- League: ASEAN Basketball League
- Sport: Basketball
- Duration: Regular season: 17 November 2017 – 28 March 2018 Playoffs: 1 April – 2 May 2018
- Games: 103 (90 regular season, 13 playoffs)
- Teams: 9
- TV partner(s): Cable TV MNC Sports & Vidio ABS-CBN Sports and Action StarHub MONO29 Eleven Sports Network HTV

Regular season
- Top seed: Chong Son Kung Fu
- Season MVP: Local: Bobby Ray Parks Jr. (Alab) Heritage import: Mikh McKinney (Chong Son) World import: Anthony Tucker (Chong Son)

ABL finals
- Champions: San Miguel Alab Pilipinas
- Runners-up: Mono Vampire
- Finals MVP: Bobby Ray Parks Jr.

ABL seasons
- ← 2016–172018–19 →

= 2017–18 ABL season =

The 2017–18 ABL season is the eighth season of competition of the ASEAN Basketball League. The regular season started on 17 November 2017 and ended on 28 March 2018.

==Teams==
Five teams from the 2016–2017 ABL season returned for this season. One team, the Kaohsiung Truth, disbanded prior to the season. One team, Mono Vampire, returned after skipping last season, having played in the 2015–16 ABL season. The team plans to concurrently play in the ABL and in the Thailand Basketball League for the upcoming season. Three teams were accepted as new members: Nanhai Long-Lions, Formosa Dreamers and CLS Knights Surabaya. The Long-Lions are the developmental team of the Guangzhou Long-Lions, the Dreamers are an expansion team from Taiwan, and the Knights left the Indonesian Basketball League to play in the ABL.

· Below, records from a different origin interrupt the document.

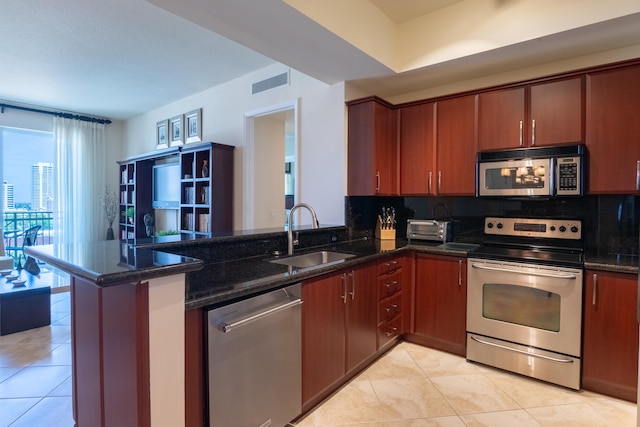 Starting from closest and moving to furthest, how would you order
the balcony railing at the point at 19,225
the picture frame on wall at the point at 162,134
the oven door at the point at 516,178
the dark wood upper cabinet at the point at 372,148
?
→ the oven door at the point at 516,178
the dark wood upper cabinet at the point at 372,148
the picture frame on wall at the point at 162,134
the balcony railing at the point at 19,225

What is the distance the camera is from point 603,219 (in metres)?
2.54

Prior their first game, the Nanhai Long-Lions renamed themselves as the Nanhai Kung Fu. After partnering with Macau's Grupo Desportivo Chong Son they changed their name once again to Chong Son Kung Fu days before the season started.

Alab Pilipinas renamed their team as the Tanduay Alab Pilipinas after securing a sponsorship deal with Asia Brewery, prior the season started.

CLS Knights Surabaya renamed their team as "CLS Knights Indonesia" prior the season started.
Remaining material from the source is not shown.